Problem requirements: Starting at the line that contains "Tôi Không Còn", return every line through the end of the entries below, exactly and with nothing else.

^^^^^^^^^^^^^^^^

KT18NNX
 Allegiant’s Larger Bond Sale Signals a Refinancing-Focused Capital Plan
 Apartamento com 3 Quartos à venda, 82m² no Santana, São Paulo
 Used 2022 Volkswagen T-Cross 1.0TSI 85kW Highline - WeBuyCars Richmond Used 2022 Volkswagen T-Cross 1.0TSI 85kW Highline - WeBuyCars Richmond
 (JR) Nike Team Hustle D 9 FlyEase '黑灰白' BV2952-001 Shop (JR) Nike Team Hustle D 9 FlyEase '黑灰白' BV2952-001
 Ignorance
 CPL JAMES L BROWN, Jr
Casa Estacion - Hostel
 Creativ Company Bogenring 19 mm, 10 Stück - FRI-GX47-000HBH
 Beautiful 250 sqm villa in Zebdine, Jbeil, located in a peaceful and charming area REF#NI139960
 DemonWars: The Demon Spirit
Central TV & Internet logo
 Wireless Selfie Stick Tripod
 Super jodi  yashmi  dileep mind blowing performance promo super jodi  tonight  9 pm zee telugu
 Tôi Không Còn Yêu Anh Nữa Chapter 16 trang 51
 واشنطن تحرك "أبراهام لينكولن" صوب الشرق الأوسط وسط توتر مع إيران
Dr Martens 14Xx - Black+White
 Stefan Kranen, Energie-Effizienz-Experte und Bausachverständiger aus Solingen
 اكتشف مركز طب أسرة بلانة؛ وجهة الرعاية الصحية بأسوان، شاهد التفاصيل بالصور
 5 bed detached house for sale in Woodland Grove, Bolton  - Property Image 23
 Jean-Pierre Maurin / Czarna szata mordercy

^^^^^^^^^^^^^^^^

Response:
 Tôi Không Còn Yêu Anh Nữa Chapter 16 trang 51
 واشنطن تحرك "أبراهام لينكولن" صوب الشرق الأوسط وسط توتر مع إيران
Dr Martens 14Xx - Black+White
 Stefan Kranen, Energie-Effizienz-Experte und Bausachverständiger aus Solingen
 اكتشف مركز طب أسرة بلانة؛ وجهة الرعاية الصحية بأسوان، شاهد التفاصيل بالصور
 5 bed detached house for sale in Woodland Grove, Bolton  - Property Image 23
 Jean-Pierre Maurin / Czarna szata mordercy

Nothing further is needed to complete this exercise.